__Short text fragments from websites__:
====================

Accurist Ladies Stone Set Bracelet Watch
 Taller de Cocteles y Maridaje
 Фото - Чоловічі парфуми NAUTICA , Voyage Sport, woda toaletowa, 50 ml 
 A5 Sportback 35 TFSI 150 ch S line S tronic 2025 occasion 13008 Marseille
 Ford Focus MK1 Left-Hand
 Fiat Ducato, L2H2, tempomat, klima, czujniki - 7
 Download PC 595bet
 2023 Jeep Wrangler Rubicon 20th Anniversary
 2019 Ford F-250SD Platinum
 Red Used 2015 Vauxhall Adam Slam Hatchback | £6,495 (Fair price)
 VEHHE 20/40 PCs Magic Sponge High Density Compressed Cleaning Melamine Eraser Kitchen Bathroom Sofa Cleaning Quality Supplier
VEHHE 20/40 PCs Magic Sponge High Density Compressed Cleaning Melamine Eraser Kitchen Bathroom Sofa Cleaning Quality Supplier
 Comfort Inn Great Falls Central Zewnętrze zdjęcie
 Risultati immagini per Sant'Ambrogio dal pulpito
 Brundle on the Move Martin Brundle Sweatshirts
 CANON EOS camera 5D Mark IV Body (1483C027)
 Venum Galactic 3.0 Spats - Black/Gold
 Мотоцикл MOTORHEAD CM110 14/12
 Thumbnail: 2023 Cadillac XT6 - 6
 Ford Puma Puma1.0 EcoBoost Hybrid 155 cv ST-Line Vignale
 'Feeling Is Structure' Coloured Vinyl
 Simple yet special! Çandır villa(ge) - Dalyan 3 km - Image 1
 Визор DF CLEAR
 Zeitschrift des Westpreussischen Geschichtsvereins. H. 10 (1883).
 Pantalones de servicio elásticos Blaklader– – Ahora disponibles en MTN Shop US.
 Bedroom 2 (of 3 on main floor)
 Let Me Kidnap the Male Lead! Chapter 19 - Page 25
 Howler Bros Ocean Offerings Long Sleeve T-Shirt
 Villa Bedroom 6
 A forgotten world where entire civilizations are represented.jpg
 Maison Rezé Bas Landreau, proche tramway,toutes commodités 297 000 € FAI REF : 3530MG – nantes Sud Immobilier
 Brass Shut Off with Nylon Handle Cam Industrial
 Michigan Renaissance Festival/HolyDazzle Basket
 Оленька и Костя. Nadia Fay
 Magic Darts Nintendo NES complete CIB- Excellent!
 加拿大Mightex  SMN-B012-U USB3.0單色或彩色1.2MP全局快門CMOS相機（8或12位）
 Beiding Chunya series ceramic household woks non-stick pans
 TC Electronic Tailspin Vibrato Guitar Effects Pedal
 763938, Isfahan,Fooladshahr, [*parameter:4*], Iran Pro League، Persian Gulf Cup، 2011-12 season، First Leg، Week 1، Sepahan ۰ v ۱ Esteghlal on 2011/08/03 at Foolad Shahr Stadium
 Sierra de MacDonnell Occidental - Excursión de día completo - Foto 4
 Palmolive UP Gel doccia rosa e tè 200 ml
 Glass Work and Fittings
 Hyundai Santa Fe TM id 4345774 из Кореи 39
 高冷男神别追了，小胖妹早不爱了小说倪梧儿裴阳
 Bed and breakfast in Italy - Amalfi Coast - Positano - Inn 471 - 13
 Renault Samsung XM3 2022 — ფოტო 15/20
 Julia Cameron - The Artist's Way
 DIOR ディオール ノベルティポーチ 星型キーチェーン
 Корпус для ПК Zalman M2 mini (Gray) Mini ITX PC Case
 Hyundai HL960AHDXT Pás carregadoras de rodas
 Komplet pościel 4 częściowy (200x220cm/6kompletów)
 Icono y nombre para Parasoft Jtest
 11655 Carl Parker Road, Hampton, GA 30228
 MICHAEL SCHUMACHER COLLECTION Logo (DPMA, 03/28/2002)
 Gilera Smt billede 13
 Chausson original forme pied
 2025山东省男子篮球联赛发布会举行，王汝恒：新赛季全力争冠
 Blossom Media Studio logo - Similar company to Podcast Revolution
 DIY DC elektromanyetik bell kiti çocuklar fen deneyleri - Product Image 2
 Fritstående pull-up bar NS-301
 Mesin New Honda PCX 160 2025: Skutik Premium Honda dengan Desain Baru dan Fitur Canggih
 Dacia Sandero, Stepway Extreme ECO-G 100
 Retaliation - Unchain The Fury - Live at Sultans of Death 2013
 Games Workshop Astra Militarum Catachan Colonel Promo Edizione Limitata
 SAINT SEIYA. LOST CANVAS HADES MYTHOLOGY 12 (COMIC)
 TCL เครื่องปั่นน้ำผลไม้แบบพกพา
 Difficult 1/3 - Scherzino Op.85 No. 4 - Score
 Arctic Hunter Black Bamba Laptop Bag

====================

__Action item__: Copy each line above where the string "Sponge" occurs.

__Answer to this problem__:
 VEHHE 20/40 PCs Magic Sponge High Density Compressed Cleaning Melamine Eraser Kitchen Bathroom Sofa Cleaning Quality Supplier
VEHHE 20/40 PCs Magic Sponge High Density Compressed Cleaning Melamine Eraser Kitchen Bathroom Sofa Cleaning Quality Supplier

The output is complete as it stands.